§ **WHAT TO WORK ON**
Copy out every line of the data exactly; do not include the images.

----- MATERIAL PROVIDED -----

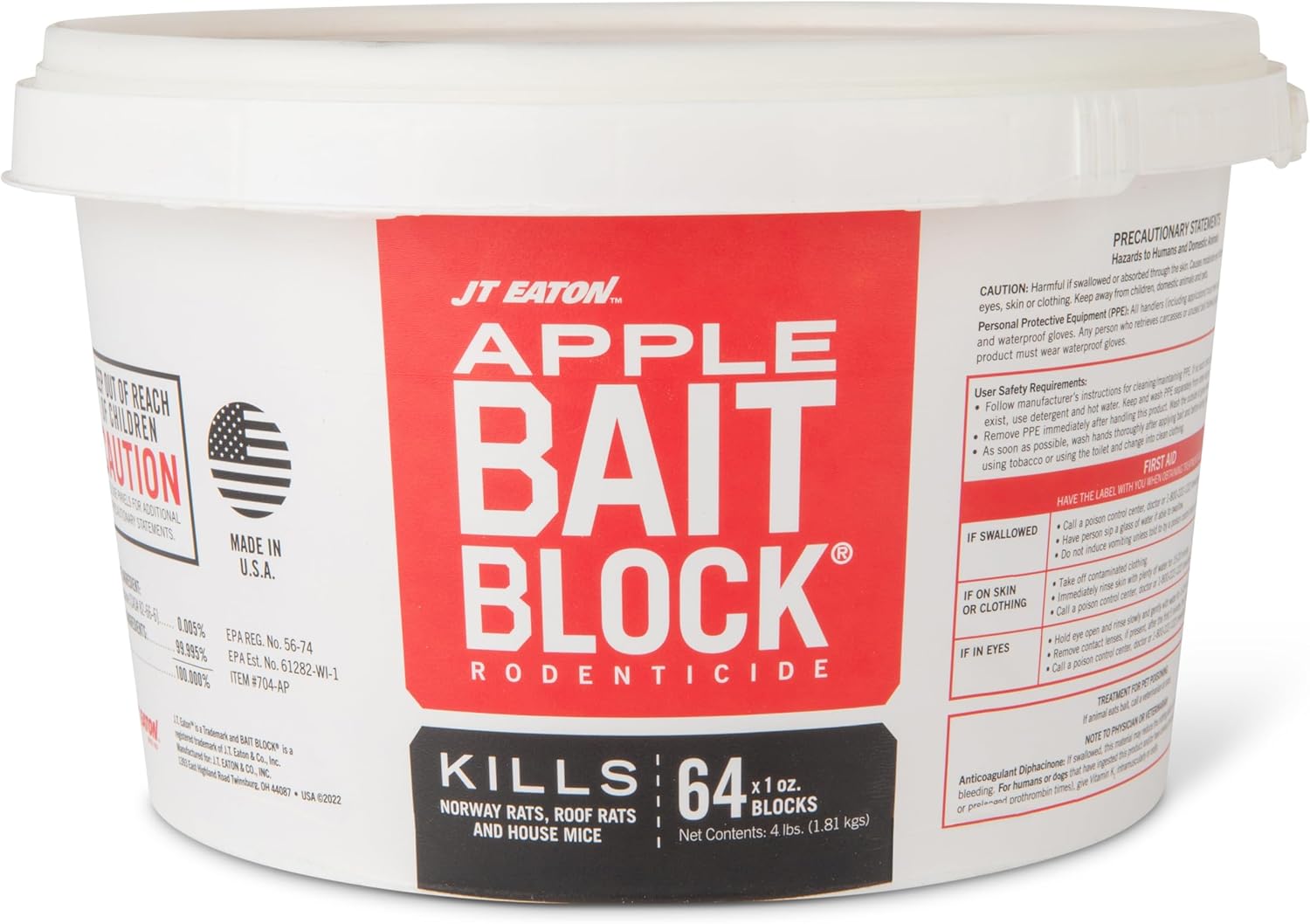 Bait Block Apple Flavor Rodenticide – 4 lb. Pail – Effective Rodent Control Bait Blocks – Long-Lasting and Easy to Use
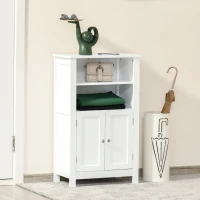 kleankin Bathroom Floor Cabinet, Freestanding Bathroom Cabinet with 2 Open Shelves, Double Doors and Adjustable Shelves, Wooden Storage Cabinet for Bathroom, White(m-10)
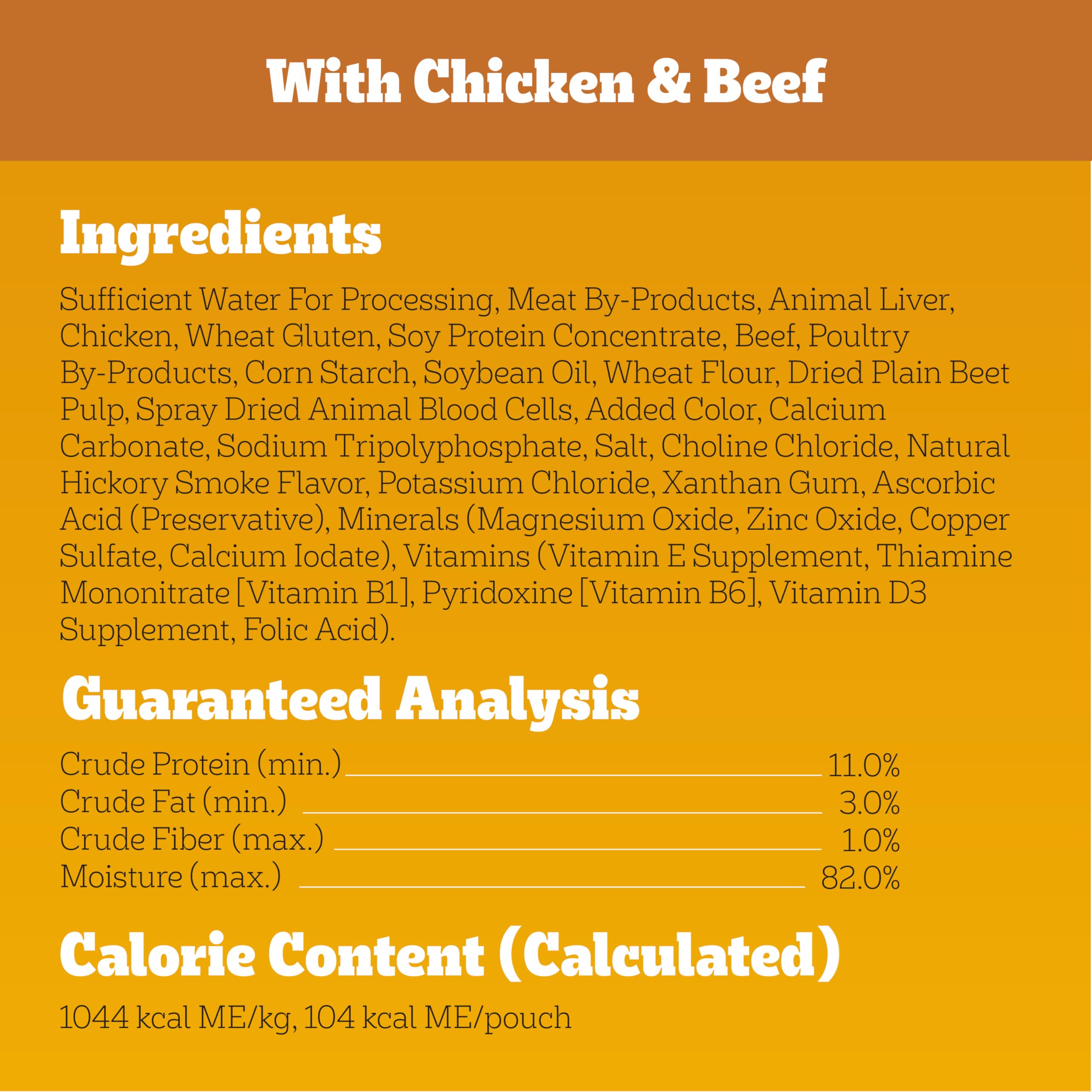Pedigree Steam-cooked real meat delivers robust flavor in every pouch.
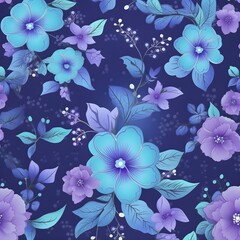 Obraz premium seamless blue and purple floral pattern on dark background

-----

§ **FINISHED TASK**
 Bait Block Apple Flavor Rodenticide – 4 lb. Pail – Effective Rodent Control Bait Blocks – Long-Lasting and Easy to Use
 kleankin Bathroom Floor Cabinet, Freestanding Bathroom Cabinet with 2 Open Shelves, Double Doors and Adjustable Shelves, Wooden Storage Cabinet for Bathroom, White(m-10)
Pedigree Steam-cooked real meat delivers robust flavor in every pouch.
 Obraz premium seamless blue and purple floral pattern on dark background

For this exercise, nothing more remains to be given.